BHARAT COKING COAL LIMITED IPO (2026)

                                          

Introduction: Bharat Coking Coal Limited (BCCL) is a wholly-owned subsidiary of Coal India Limited, India’s largest coal producer. Incorporated in 1972 and granted Mini Ratna status in 2014, BCCL was established with a focused mandate to mine and supply coking coal—a critical raw material for steelmaking, where domestic availability in India is structurally constrained. In Fiscal 2025, BCCL accounted for 58.5% of India’s total coking coal production, highlighting its strategic importance to the domestic steel ecosystem.

What Does the Company Do?
BCCL holds one of the largest coking coal reserves in India, with estimated reserves of approximately 7,910 million tonnes as of April 1, 2024. Its mining operations are concentrated in two of India’s most important coal belts:

  1. Jharia Coalfield in Jharkhand (252.88 sq. km)
  2. Raniganj Coalfield in West Bengal (35.43 sq. km).
The company operates over a total leasehold area of 288.31 sq. km, providing long-term resource visibility. As of September 30, 2025, BCCL operated 34 mines, including:
  • 26 opencast mines
  • 4 underground mines
  • 4 mixed mines.
*Opencast mining forms the backbone of its operations, contributing over 97% of total coal production, reflecting higher productivity and cost efficiency compared to underground mining.

Revenue from lines of Business:

  • Majority of BCCL’s revenue comes from Coking Coal at 75.72% for fiscal 2025 and it has been a stable source of revenue since the Fiscal 2023.
  • The other major source of revenue after Coking coal is Washed Coal stands at 14.87% of its total revenue for fiscal 2025.

  • Majority of the BCCL’s consumer is coming from Power Industry as it consumes 77.61% of BCCL’s coal supply for fiscal 2025 and the other major consumer is Steel Industry at 2.21%.

Industry Context: Coking Coal Demand vs Supply:
In Fiscal 2025, India’s coking coal demand stood at 67 million metric tonnes (MMT) and is projected to increase to 138 MMT by Fiscal 2035. While total coking coal supply appears surplus in several years, this surplus is largely optical.
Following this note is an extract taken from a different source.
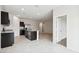 Modern kitchen with granite countertops, dark cabinets, stainless steel appliances, and an open layout at 35569 N Breezy Ln, San Tan Valley, AZ 85140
The reason is that only a limited portion of domestically produced coking coal can be directly used in steelmaking due to its inferior quality. Going forward, even if aggregate supply remains higher than demand, the demand for coking coal suitable for steel production is expected to increase.

                                       

How Indian Coking Coal Is Actually Used
  • Indian coking coal generally has high ash content (18–35%) and produces low-strength coke if used independently. As a result, very little domestic coking coal is used “as-is” in steelmaking.
  • The primary use of Indian coking coal is blending with imported high-quality coking coal. Steel plants typically import prime coking coal from countries such as Australia, the US, and Canada, and blend it with washed Indian coking coal to produce coke with acceptable strength and ash levels. A typical blend consists of 60–70% imported coking coal and 30–40% washed Indian coking coal. Without domestic coal, import dependence would rise to nearly 100%, significantly increasing steel production costs. This makes PSUs like BCCL strategically important despite the quality limitations of Indian coking coal.

Financial Performance 
Over the period from Fiscal 2023 to Fiscal 2025, BCCL reported the following compound annual growth rates (CAGR):
  • Revenue CAGR: 5.2%
  • EBITDA CAGR: 62.6%
  • PAT CAGR: 36.6%
These figures indicate improving profitability metrics during the period under review.

Key Risks

A significant portion of BCCL’s revenues is derived from raw coking coal, which contributed between approximately 75.72% and 75.75% of revenue from operations across recent fiscal periods. Any decline in demand for raw coking coal could adversely affect the company’s business, financial condition, and cash flows. 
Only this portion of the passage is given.